Quand il s’éveilla le lendemain, quoique un peu remis de sa fatigue, il avait encore les membres bien moulus, et serait resté volontiers dans la paille si fraîche. Mais il savait que prolonger son vagabondage sur les routes, c’était prolonger la misère et les fatigues. Il avait hâte d'atteindre Monnaïa, dont il se savait tout près maintenant, et où il espérait trouver du travail.

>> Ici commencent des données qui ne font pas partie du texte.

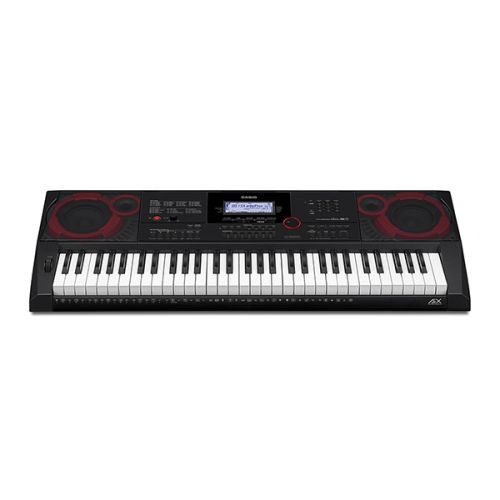 CASIO MUSICAL  KEYBOARD WITH ADAPTOR CT-X3000C2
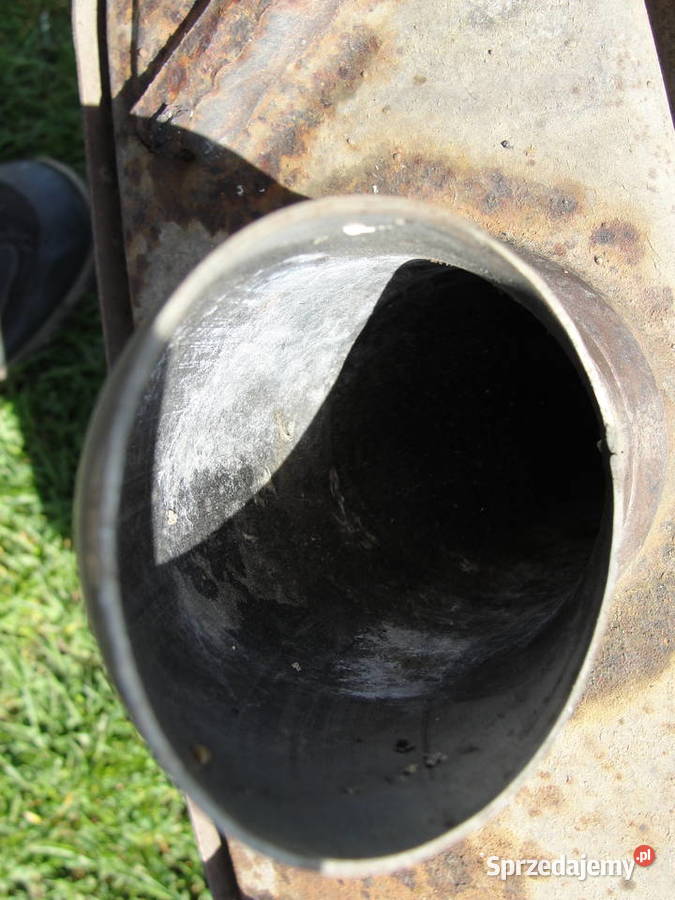 TŁUMIK KOŃCOWY OPEL INSIGNIA A GM ORYGINAŁ osobowe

Il sortit donc de l’étable et se trouva dans la cour. Les hommes étaient partis aux champs. Seule la jeune femme du fils restait occupée à distribuer du grain aux poules, canards, oies et dindons qui gloussaient autour d’elle, accourant de toutes parts.

Nono lui souhaita le bonjour.

— Ah ! c'est toi, petit. Te voilà parti ?

Elle courut à la maison, en revint avec deux tartines bien beurrées :

— Prends, la route est encore longue. Bonne chance, mon petit gars. »

Et, une fois de plus, notre pauvre ami se trouva sur le grand chemin bien triste et bien esseulé. Mais il finissait par s’habituer au mauvais sort, et ce fut d’un pas ferme qu’il se remit en route.

Il marchait depuis plusieurs heures déjà, lorsque la faim se fit sentir. Il alla s'abriter sous un gros chêne qui se dressait non loin du chemin, et se mit en posture de dévorer ses deux tartines. Mais, à la première bouchée, il sentit que la soif le prenait ; il chercha autour de lui s'il n’apercevrait pas quelque ruisseau pour se désaltérer, et ne tarda pas à entendre les glouglous d‘une source qui tombait d’un rocher, à pic, aux bord de la route, dans une petite vasque que l’eau, en tombant, avait fini par creuser dans la pierre.

Lorsqu’il eut étanché un peu sa soif, il allait retourner sous son chêne, lorsque, à quelques pas de la fontaine, il vit une taupe, couverte de sang, faisant tous ses efforts pour atteindre son trou.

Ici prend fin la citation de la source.